The Dublin system does not work, the vast majority of asylum seekers remain in Germany – even if they are rejected. More people come into the country in two days than are deported each month. The approach proposed by Faeser at the failed asylum summit last Tuesday of detaining refugees who had already been registered in another European country near the border and returning them to the country of first reception could have prevented (and not only) the murders in Solingen.

So what does all this mean for the future of the Schengen-Dublin system? First of all, the border closure now ordered by Germany contradicts the principle of open internal borders.

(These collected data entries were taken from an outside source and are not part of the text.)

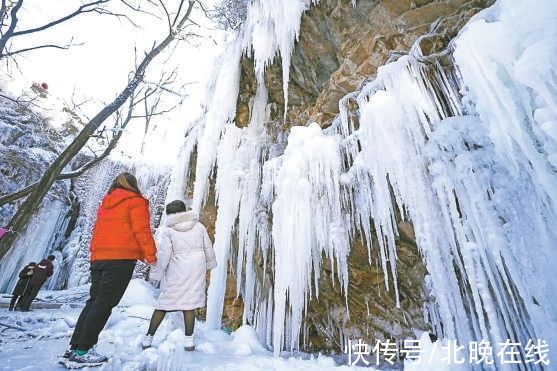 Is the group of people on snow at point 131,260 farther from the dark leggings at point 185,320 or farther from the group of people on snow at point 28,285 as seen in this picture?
the group of people on snow at point 28,285

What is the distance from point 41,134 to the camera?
10.1 meters

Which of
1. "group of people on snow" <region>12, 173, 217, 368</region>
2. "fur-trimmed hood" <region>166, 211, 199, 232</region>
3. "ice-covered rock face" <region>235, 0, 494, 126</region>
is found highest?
"ice-covered rock face" <region>235, 0, 494, 126</region>

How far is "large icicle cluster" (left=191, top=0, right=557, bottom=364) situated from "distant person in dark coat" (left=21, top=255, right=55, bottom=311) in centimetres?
434

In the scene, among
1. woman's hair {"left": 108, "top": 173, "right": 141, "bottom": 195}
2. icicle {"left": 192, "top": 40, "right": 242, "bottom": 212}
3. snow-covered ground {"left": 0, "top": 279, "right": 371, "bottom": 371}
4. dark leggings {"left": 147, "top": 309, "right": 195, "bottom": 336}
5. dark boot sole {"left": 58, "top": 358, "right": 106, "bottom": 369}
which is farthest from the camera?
icicle {"left": 192, "top": 40, "right": 242, "bottom": 212}

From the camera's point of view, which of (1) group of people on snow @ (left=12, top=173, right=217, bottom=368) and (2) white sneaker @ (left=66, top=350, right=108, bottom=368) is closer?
(2) white sneaker @ (left=66, top=350, right=108, bottom=368)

Since October 2023, there have been stationary controls at the borders with Poland, the Czech Republic and Switzerland. The newly ordered controls affect the borders with Denmark, Belgium, the Netherlands and Luxembourg. As a result, the Schengen Agreement is being largely undermined, at least for the time being.

The German move is being hotly debated, and not just on social media. The accusation is that first Germany, with Angela Merkel, is triggering mass migration and forcing it on other Europeans, and then it is destroying Schengen. Regaining trust could be difficult.